> Work required
Please output every entry below exactly as written, leaving out any pictures.
━━━ Records to use ━━━
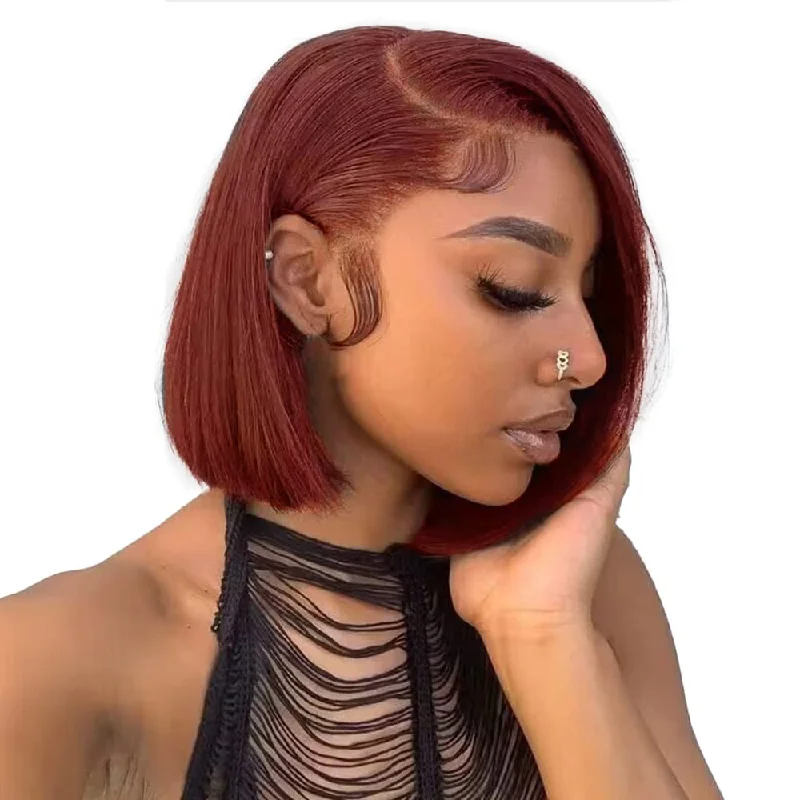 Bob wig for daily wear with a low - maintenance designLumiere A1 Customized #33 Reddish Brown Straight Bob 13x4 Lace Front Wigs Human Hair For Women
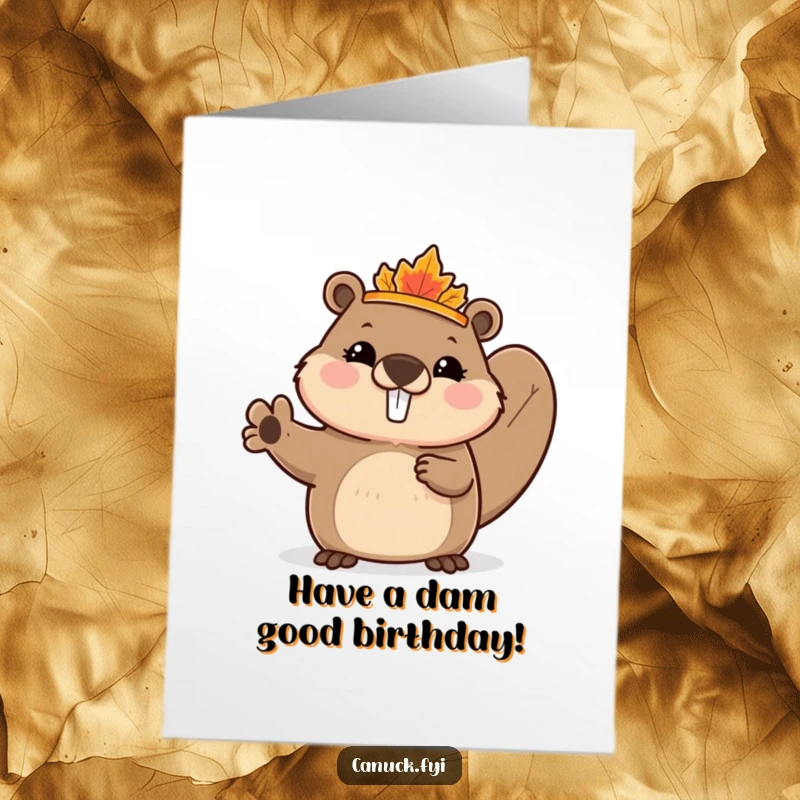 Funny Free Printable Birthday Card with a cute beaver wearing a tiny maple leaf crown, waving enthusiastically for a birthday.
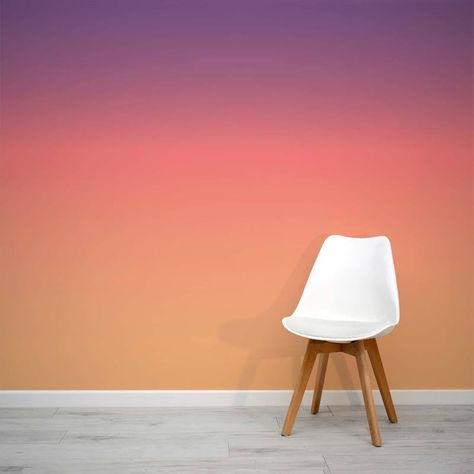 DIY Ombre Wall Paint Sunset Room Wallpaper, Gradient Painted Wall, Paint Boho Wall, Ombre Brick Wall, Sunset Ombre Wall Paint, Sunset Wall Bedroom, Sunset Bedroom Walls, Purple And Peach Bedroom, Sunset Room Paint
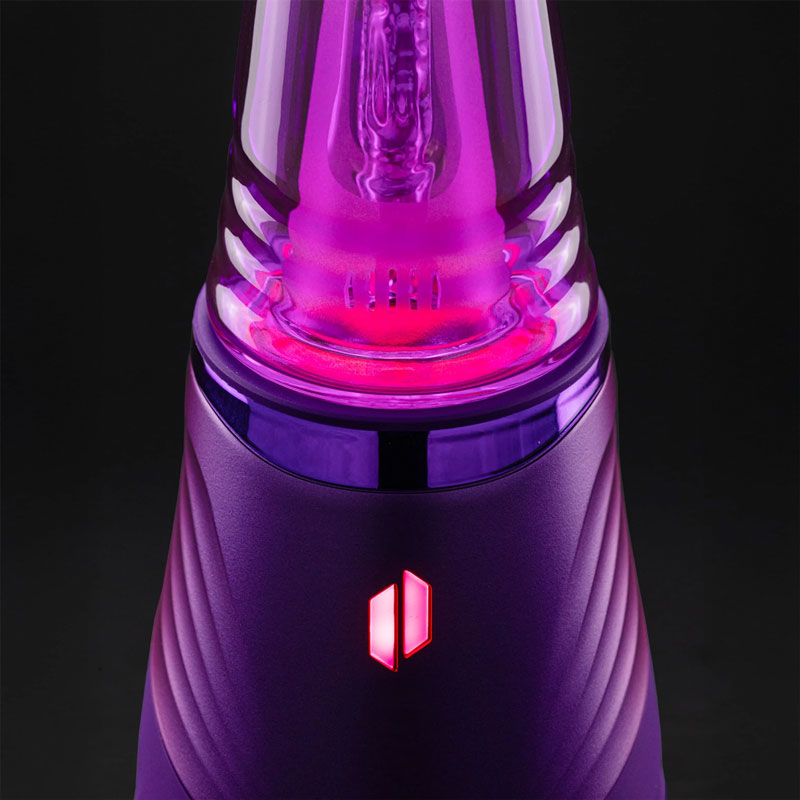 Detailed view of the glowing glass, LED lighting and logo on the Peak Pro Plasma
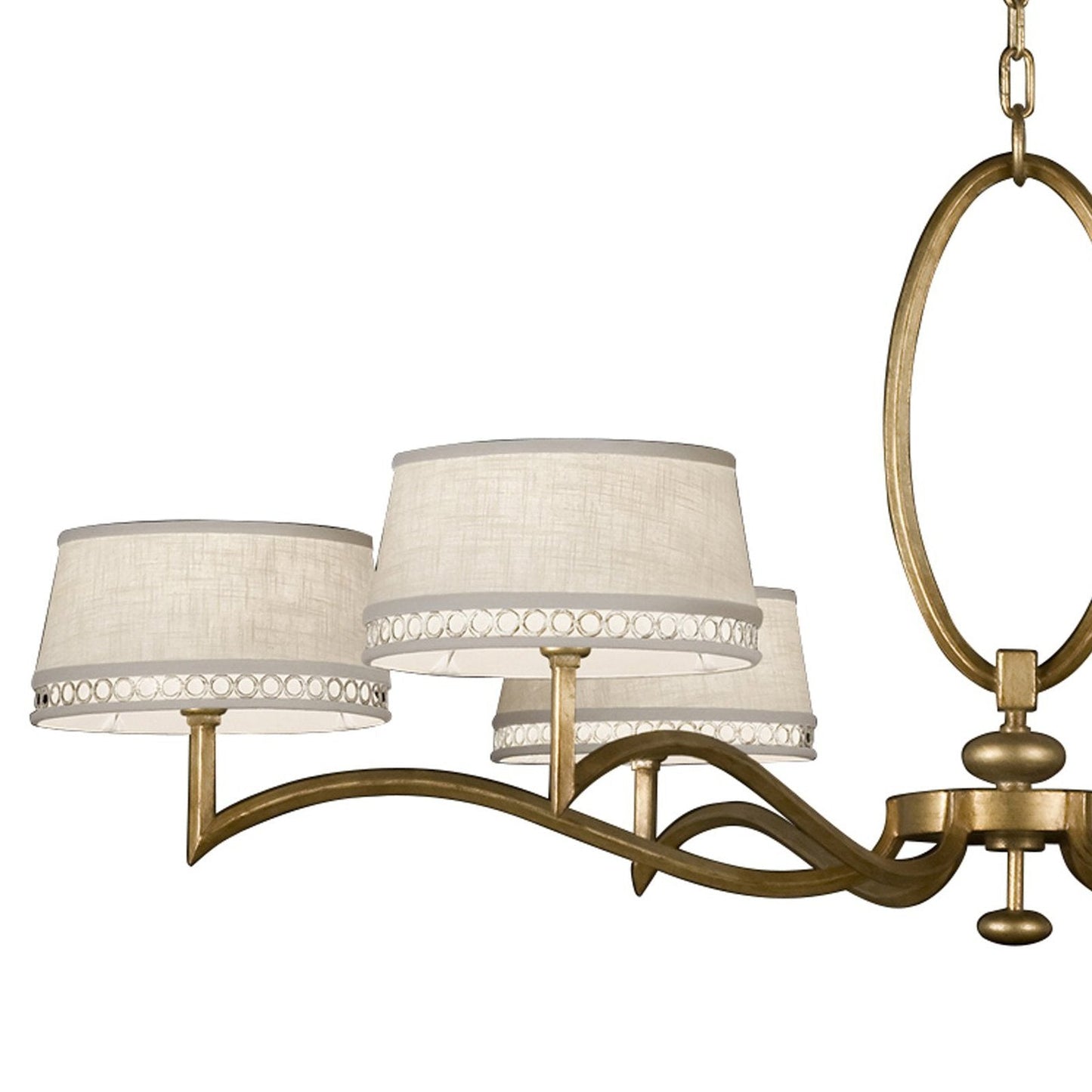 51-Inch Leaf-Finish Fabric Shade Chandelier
━━━
> Expected output
 Bob wig for daily wear with a low - maintenance designLumiere A1 Customized #33 Reddish Brown Straight Bob 13x4 Lace Front Wigs Human Hair For Women
 Funny Free Printable Birthday Card with a cute beaver wearing a tiny maple leaf crown, waving enthusiastically for a birthday.
 DIY Ombre Wall Paint Sunset Room Wallpaper, Gradient Painted Wall, Paint Boho Wall, Ombre Brick Wall, Sunset Ombre Wall Paint, Sunset Wall Bedroom, Sunset Bedroom Walls, Purple And Peach Bedroom, Sunset Room Paint
 Detailed view of the glowing glass, LED lighting and logo on the Peak Pro Plasma
 51-Inch Leaf-Finish Fabric Shade Chandelier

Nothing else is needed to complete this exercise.